This recipe makes about 16 bars, depending on how large you make your slices, so cut them into the size that you want for your family. Cutting 4 rows each way to get 16 bars is usually the perfect size snack for myself and my kids (though sometimes I eat two at once!).
Place the dates in a bowl, cover with water, and soak for 1 hour. Drain, pat dry, and remove pits.
Preheat the oven to 350 degrees F and grease an 8x8-inch square baking pan.
Place the oats into the bowl of a food processor and grind into a coarse flour, like the texture of instant oats. Add the baking powder, salt, flaxseeds, sesame seeds, eggs, almond butter, vanilla, and dates. Process until smooth, about 15-30 seconds.
Pour into the prepared pan and smooth with a spatula.
Sprinkle the blueberries over the top and press gently into the batter.
Bake for 32-35 minutes or until a cake tester inserted into the center of the pan comes out cleanly. Cover with foil for the last 10 minutes of baking to prevent the edges from browning too deeply.
Remove from oven and let cool completely on a wire rack before slicing.
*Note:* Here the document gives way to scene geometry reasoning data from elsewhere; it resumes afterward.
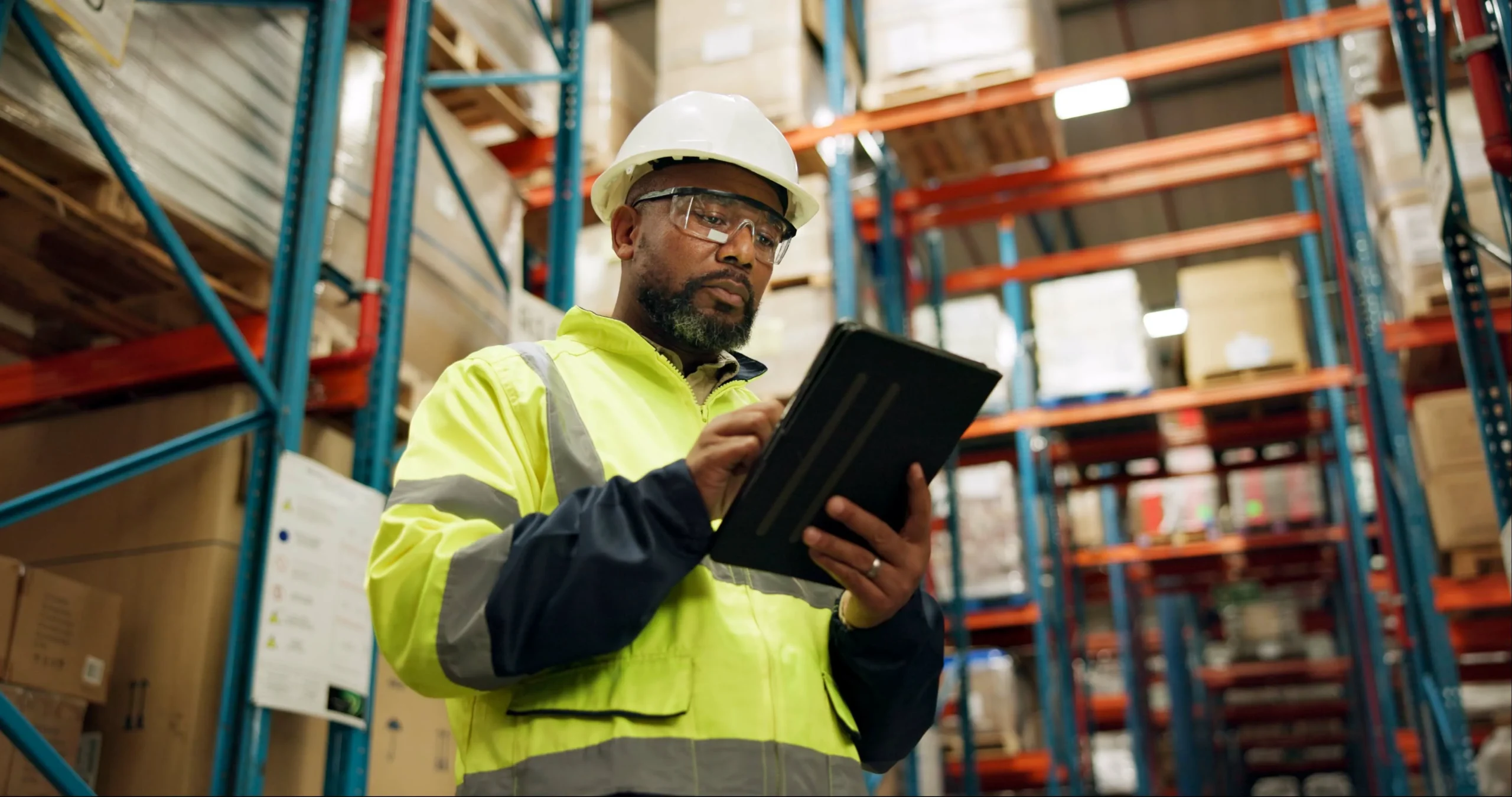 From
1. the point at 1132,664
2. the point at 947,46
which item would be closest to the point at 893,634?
the point at 947,46

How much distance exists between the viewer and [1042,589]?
31.6 ft

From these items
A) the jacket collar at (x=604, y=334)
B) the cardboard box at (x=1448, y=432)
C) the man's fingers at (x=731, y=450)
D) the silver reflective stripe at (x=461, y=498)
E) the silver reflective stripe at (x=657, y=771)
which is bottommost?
the silver reflective stripe at (x=657, y=771)

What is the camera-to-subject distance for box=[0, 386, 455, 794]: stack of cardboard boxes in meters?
3.64

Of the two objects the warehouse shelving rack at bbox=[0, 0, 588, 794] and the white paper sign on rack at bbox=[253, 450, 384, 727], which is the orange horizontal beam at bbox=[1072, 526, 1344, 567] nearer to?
the warehouse shelving rack at bbox=[0, 0, 588, 794]

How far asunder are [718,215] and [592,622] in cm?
77

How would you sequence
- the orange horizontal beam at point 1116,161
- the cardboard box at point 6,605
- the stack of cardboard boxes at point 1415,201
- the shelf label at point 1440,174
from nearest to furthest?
the cardboard box at point 6,605 → the shelf label at point 1440,174 → the stack of cardboard boxes at point 1415,201 → the orange horizontal beam at point 1116,161

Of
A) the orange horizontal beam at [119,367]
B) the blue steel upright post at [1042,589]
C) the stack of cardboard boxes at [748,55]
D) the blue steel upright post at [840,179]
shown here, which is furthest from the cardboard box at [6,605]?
the blue steel upright post at [1042,589]

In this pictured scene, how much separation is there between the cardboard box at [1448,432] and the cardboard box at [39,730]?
554cm

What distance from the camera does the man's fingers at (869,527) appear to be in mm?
1538

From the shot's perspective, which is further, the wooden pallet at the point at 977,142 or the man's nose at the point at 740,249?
the wooden pallet at the point at 977,142

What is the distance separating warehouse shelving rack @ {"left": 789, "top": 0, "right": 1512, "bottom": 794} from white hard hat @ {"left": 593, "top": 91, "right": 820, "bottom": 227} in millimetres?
3040

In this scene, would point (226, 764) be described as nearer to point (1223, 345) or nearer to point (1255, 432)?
point (1223, 345)

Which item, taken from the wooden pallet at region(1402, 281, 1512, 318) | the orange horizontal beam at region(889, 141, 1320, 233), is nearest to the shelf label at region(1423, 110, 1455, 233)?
the wooden pallet at region(1402, 281, 1512, 318)

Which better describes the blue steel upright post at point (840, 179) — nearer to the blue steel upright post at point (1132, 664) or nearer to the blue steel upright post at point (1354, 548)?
the blue steel upright post at point (1354, 548) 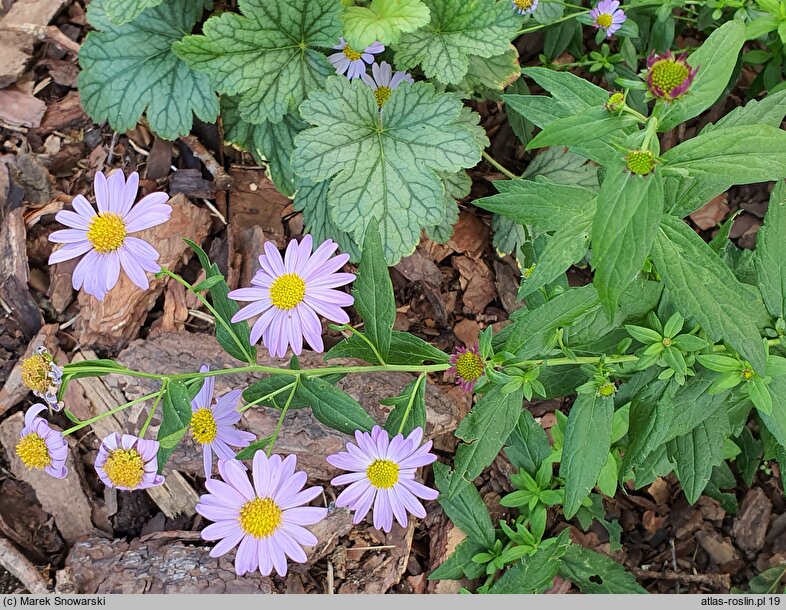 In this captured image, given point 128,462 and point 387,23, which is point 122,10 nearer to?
point 387,23

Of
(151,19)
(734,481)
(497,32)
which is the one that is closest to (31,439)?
(151,19)

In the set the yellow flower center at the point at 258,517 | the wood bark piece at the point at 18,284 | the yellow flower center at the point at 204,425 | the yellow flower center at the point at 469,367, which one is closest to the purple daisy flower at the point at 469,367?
the yellow flower center at the point at 469,367

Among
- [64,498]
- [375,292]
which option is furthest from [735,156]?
[64,498]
Slice into bars, place into an air tight container or a zip top bag, and store in the fridge for up to 5 days or in the freezer for up to 3 months.
Soak the dates to be sure they soften up nicely and are easy to blend.
Use fresh or frozen blueberries.
Sub in peanut butter or sunflower seed butter for the almond butter if desired.
Store the bars in an airtight container (or individually wrapped in plastic wrap) in the fridge for up to 5 days or in the freezer for up to 3 months. Thaw to serve.